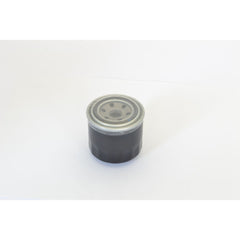 Oil Filter-0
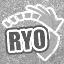 Ryo's Record 5 Achievement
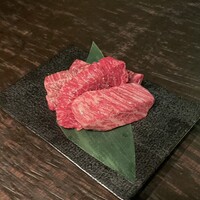 牛牛 西麻布 総本店 -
········
### [Work task]
Output all of the data exactly as it stands, minus any images.

### [Your solution]
 Oil Filter-0
 Ryo's Record 5 Achievement
 牛牛 西麻布 総本店 -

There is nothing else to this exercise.